[Exercise data]
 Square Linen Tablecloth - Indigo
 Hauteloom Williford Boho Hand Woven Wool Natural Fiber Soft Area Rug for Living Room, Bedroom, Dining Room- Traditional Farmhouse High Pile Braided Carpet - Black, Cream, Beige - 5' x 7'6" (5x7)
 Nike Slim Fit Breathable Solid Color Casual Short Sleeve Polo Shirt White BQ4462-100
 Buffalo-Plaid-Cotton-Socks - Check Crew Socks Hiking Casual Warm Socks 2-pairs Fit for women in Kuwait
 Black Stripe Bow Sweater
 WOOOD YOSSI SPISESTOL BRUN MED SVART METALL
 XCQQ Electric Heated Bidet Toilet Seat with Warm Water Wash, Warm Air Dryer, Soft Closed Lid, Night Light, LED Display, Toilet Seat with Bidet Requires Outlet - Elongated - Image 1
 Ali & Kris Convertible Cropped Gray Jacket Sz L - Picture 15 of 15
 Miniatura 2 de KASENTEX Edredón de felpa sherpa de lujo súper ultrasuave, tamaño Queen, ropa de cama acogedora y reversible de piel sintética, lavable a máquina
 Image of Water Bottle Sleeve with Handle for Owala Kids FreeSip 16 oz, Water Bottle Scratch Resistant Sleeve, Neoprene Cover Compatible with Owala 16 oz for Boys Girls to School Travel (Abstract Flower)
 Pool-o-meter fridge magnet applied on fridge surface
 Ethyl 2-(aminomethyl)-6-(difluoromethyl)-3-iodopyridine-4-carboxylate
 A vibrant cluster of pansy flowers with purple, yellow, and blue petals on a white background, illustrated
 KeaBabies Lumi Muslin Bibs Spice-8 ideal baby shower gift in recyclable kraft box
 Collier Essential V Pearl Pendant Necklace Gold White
[/Exercise data]
What is needed: In the listing above, find the line containing "Buffalo-Plaid-Cotton-Socks - Check" and the line containing "Miniatura 2 de", then retype both and every line between them exactly, with nothing else.

Worked solution:
 Buffalo-Plaid-Cotton-Socks - Check Crew Socks Hiking Casual Warm Socks 2-pairs Fit for women in Kuwait
 Black Stripe Bow Sweater
 WOOOD YOSSI SPISESTOL BRUN MED SVART METALL
 XCQQ Electric Heated Bidet Toilet Seat with Warm Water Wash, Warm Air Dryer, Soft Closed Lid, Night Light, LED Display, Toilet Seat with Bidet Requires Outlet - Elongated - Image 1
 Ali & Kris Convertible Cropped Gray Jacket Sz L - Picture 15 of 15
 Miniatura 2 de KASENTEX Edredón de felpa sherpa de lujo súper ultrasuave, tamaño Queen, ropa de cama acogedora y reversible de piel sintética, lavable a máquina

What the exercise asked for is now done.